While Delhiites couldn’t get enough of kebabs and tikkas, even Chinese snacks like chowmein and momos and Italian pasta (prepared in Indian-style) made way to their bellies willingly. The very-English appetisers such as grilled sandwich, burgers and pizza had few takers as compared to those vying for the moong dal ka chila from Lucknow and palak and pyaaz bhajia from Indore.

While the foodies had their day under the sun, the arrangements and facilities turned out to be a dampener for the participants. A few stall owners complained that they could not get the raw material in time. Another participant from Chandigarh selling chhole-bhature was critical of the basic civic amenities, like lack of water and dirty toilets. “We will think twice before deciding to participate next time if this is the condition of toilets. We have women along with us and proper washrooms are a major concern. Also, there is shortage of water,” said an agonised Deepak Gupta.         

The visitors, however, enjoyed themselves as flavours of street food from across the country were served to them!

A winning recipe to steal hearts

One might look and dimiss him for just another food-loving Bengali, but Sudipta Banerjee is no ordinary street food vendor. A qualified chef, the chubby and chirpy man started his journey to the kitchen after completing his Class X. “I was fond of cooking and gradually it developed as my passion. While studying in college, I joined a hotel management institute and learned the basics of the craft,” shared the man who took up a job with a 3-Star hotel in his hometown Siliguri but ‘did not like to work in restrictions’.

“One day I saw a street vendor tossing chowmein on a road side van and I asked him what all did he put into it. I then asked him to prepare it in a different way and days later the vendor informed me about the positive response of his customers,” he says standing in front of four stalls which often mark the highest sales at National Food Festival.
From yummy Bhetki (fish) Korma to delectable sandesh, Sudipta’s stalls boasted of a huge variety of food items. But even larger was is his fan following amongst foodies and vendors alike, who hail the humble man as their teacher who is ready to extend a helping hand to those in need.

Women power holds fort

Maa ke haath ka khana’, is something that every child longs for, especially those staying away from their mothers. And many living in the Capital, miles away from home, could actually fulfill their desire thanks to the food festival where women street vendors from different States lovingly prepared dishes that revived the memories and flavours of Mom’s cooking.
Chopping and cutting spinach since two in the morning to prepare sarson ka saag, Manjeet Kaur, Kamlesh, Manju and their co-workers from Ludhiana managed to draw Delhiites to their stall with their delectable cooking. A dollop of white butter in saag, teamed with crisp, hot makke ki roti was the most sought-after dish on a cold Delhi winter day! 

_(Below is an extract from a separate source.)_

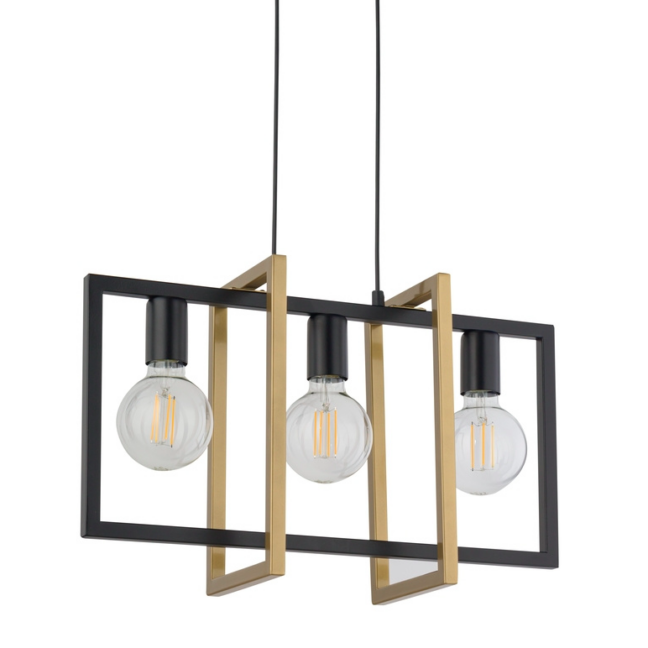 Nowoczesna lampa sufitowa LoftBlock 3 w kolorze czarno-złotym do kuchni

Another all-women group from Odisha made the foodies taste some authentic snacks such as kakra peetha (made from suji and coconut), baigan vada (similar to brinjal pakora), ras bada (made from moong dal) and dahi bada (urad dal). Even as one tried to identify the ingredients, the women selling Hyderabadi biryani, in non-vegetarian and vegetarian versions, brought the taste from the City of Pearls alive. Happy and smiling like a satisfied mother who’s just received appreciation from her family, the women were overwhelmed by the response of the food-loving Dilliwallahs, even going as far as to share their secret recipes readily.